A novel I read probably in the late 50s,
Deadly Image aka The Uncertain Midnight by Edmund Cooper, first published in 1958.
a man in London
Katy turned away and disappeared. Presently she returned with two steaming mugs of coffee. The ghost said thank you and told her that his name was John Markham, that he was twenty-two years old, that he had lived in London for only a few months, that his home was in Yorkshire, that he liked Beethoven and Gershwin, and chess and musical comedies. And he told her that one day he would ship out to the moon.
when a disaster occurred and he was accidentally frozen. A long time later after significant world destruction he was awakened in London
There was a question exploding in Markham's numbed brain. "How long?" he murmured with an edge of fear in his voice. "How long was I—was I out?"
"Before they found you?"
"Yes. For God's sake, how long?"
Bressing smiled. "Hold on tight," he said. "It's going to shake you. . . . About a hundred and fifty years—plus or minus. Do you remember the year you were trapped?"

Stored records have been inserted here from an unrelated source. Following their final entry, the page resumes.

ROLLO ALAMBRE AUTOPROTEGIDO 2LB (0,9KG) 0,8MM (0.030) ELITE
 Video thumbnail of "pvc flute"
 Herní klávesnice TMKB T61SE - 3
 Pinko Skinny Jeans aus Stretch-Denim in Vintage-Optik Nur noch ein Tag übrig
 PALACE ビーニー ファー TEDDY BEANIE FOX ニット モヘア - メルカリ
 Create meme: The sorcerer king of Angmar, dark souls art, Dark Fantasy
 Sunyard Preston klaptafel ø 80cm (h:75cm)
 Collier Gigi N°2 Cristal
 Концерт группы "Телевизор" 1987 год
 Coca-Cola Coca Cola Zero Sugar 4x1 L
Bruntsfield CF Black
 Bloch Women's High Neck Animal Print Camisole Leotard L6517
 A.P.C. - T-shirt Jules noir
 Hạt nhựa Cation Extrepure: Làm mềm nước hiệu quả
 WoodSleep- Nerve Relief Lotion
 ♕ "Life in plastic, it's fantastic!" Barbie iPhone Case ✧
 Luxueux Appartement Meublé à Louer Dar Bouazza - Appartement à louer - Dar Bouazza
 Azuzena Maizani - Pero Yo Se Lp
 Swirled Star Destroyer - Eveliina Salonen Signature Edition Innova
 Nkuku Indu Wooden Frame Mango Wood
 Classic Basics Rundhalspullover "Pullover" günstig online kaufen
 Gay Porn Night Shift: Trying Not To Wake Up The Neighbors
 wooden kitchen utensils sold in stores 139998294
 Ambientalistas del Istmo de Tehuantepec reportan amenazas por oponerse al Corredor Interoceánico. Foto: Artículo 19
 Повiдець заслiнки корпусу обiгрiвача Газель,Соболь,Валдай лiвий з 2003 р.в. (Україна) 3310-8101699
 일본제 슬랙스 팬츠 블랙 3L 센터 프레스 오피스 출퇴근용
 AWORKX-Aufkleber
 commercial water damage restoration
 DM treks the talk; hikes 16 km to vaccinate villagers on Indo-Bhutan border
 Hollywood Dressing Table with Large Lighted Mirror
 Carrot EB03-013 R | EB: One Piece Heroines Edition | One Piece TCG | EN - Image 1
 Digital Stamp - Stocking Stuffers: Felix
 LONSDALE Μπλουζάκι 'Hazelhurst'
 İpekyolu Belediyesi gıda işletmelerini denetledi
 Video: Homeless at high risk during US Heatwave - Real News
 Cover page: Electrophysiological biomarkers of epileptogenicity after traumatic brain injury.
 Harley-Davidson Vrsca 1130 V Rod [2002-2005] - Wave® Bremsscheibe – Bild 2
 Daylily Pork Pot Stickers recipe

It took all the strength he had to answer without screaming: "Nineteen sixty-seven."
"Then you've been in S.A. for a hundred and forty-six years; this is twenty-one thirteen A.D."
He tried to imagine the decades of frozen stillness, the tomb-like immobility, the remote and relentless passage of time while he lay stiff and lifeless yet not quite dead in K Chamber. A hundred and forty-six years!
[. . . .]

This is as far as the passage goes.